Okay, ich vermute, meine Ängste sind irrational. Trotzdem wundere ich mich, dass die meisten Gäste ihre Sektschalen bereitwillig nachfüllen lassen. Vielleicht komme ich ja aus der Bredouille heraus, indem ich eine Diskussion mit den anderen Gästen anzettele, ob es in diesen Zeiten der Kriege und Krisen nicht abgeschmackt sei, Blattgold zu trinken? Aber das könnte die Frage hervorrufen, ob es dann nicht überhaupt unangebracht sei, bei solcher Weltlage sorglos Sekt schlürfend auf Empfängen rumzuhängen, egal ob mit oder ohne Blattgold drin.
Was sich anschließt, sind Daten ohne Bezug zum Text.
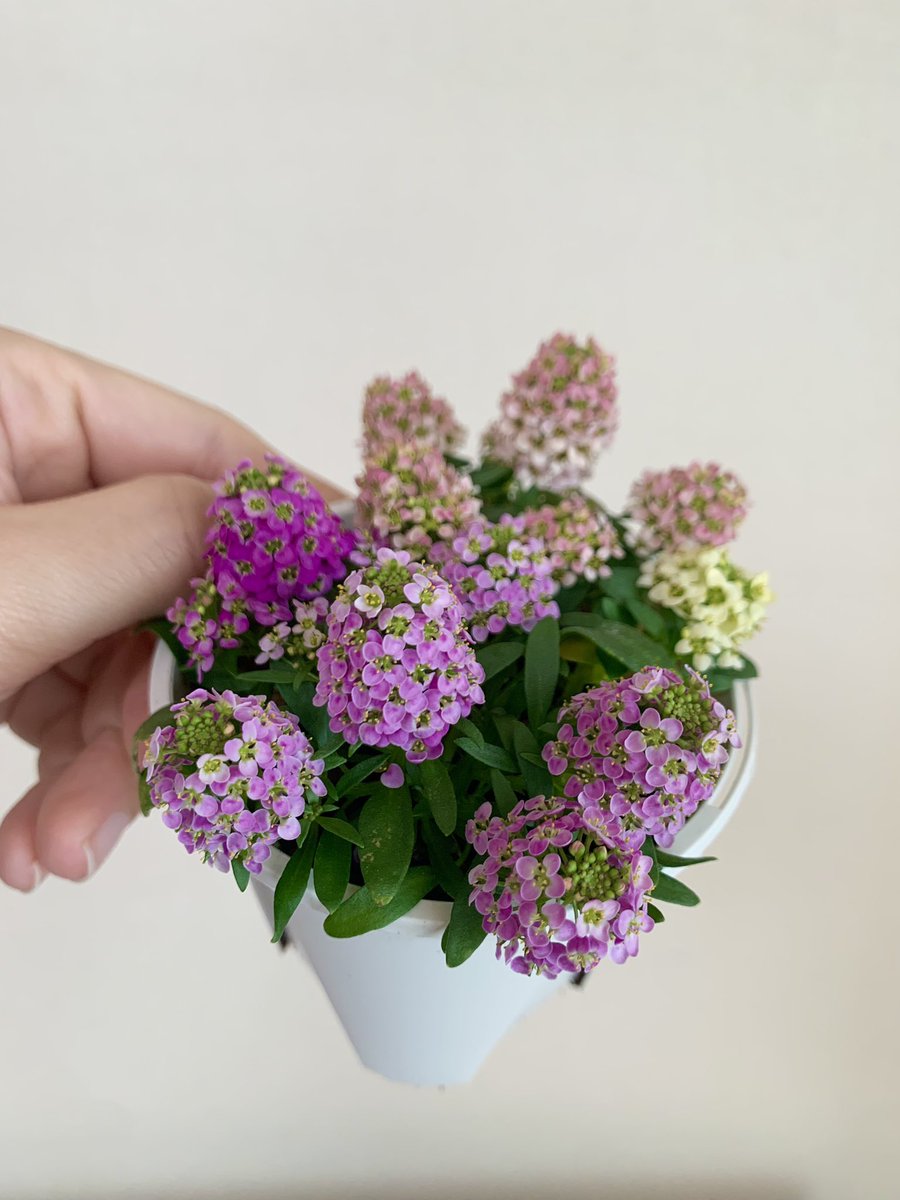 알리섬 꽃이 엄청 오래가는구나💕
Herrje, fällt mir da ein: Und wenn die Leber das Zeug nicht einlagert? Dann müssen die Flocken ja irgendwann irgendwo wieder raus aus dem Körper. Tut das Edelmetall das dann verdauungstechnisch gesehen als Getränk oder als Nahrungsmittel? Wahrscheinlich als Letzteres, denn, wie mir einer der Gäste erzählt, weist die EU offiziell Blattgold als Nahrungsmittel-Zusatzstoff mit der Normnummer E175 aus. Das beruhigt mich nur ansatzweise.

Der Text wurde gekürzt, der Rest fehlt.